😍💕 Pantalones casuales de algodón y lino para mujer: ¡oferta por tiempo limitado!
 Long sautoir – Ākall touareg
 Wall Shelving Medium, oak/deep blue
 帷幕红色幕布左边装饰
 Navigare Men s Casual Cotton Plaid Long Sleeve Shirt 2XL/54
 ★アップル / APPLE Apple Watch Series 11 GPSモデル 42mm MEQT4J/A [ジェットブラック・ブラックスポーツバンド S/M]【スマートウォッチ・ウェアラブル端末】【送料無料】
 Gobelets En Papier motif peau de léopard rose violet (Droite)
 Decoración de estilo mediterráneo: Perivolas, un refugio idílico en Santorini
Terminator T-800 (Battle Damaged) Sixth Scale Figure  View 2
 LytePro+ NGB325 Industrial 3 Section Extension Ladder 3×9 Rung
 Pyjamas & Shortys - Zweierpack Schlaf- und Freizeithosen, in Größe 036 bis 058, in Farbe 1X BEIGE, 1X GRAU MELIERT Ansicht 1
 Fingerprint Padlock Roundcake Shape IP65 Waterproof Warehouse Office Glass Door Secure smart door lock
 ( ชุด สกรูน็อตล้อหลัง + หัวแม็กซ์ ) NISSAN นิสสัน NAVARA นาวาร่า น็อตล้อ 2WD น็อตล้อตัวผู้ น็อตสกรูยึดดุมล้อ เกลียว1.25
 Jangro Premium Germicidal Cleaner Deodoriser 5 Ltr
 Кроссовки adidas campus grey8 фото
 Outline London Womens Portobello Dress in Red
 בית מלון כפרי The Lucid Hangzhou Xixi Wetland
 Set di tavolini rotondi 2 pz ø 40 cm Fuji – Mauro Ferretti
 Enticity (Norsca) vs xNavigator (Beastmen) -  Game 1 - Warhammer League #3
....
▶ [Required work] Give back all of the data above without any alteration.

▶ [Exercise response]
😍💕 Pantalones casuales de algodón y lino para mujer: ¡oferta por tiempo limitado!
 Long sautoir – Ākall touareg
 Wall Shelving Medium, oak/deep blue
 帷幕红色幕布左边装饰
 Navigare Men s Casual Cotton Plaid Long Sleeve Shirt 2XL/54
 ★アップル / APPLE Apple Watch Series 11 GPSモデル 42mm MEQT4J/A [ジェットブラック・ブラックスポーツバンド S/M]【スマートウォッチ・ウェアラブル端末】【送料無料】
 Gobelets En Papier motif peau de léopard rose violet (Droite)
 Decoración de estilo mediterráneo: Perivolas, un refugio idílico en Santorini
Terminator T-800 (Battle Damaged) Sixth Scale Figure  View 2
 LytePro+ NGB325 Industrial 3 Section Extension Ladder 3×9 Rung
 Pyjamas & Shortys - Zweierpack Schlaf- und Freizeithosen, in Größe 036 bis 058, in Farbe 1X BEIGE, 1X GRAU MELIERT Ansicht 1
 Fingerprint Padlock Roundcake Shape IP65 Waterproof Warehouse Office Glass Door Secure smart door lock
 ( ชุด สกรูน็อตล้อหลัง + หัวแม็กซ์ ) NISSAN นิสสัน NAVARA นาวาร่า น็อตล้อ 2WD น็อตล้อตัวผู้ น็อตสกรูยึดดุมล้อ เกลียว1.25
 Jangro Premium Germicidal Cleaner Deodoriser 5 Ltr
 Кроссовки adidas campus grey8 фото
 Outline London Womens Portobello Dress in Red
 בית מלון כפרי The Lucid Hangzhou Xixi Wetland
 Set di tavolini rotondi 2 pz ø 40 cm Fuji – Mauro Ferretti
 Enticity (Norsca) vs xNavigator (Beastmen) -  Game 1 - Warhammer League #3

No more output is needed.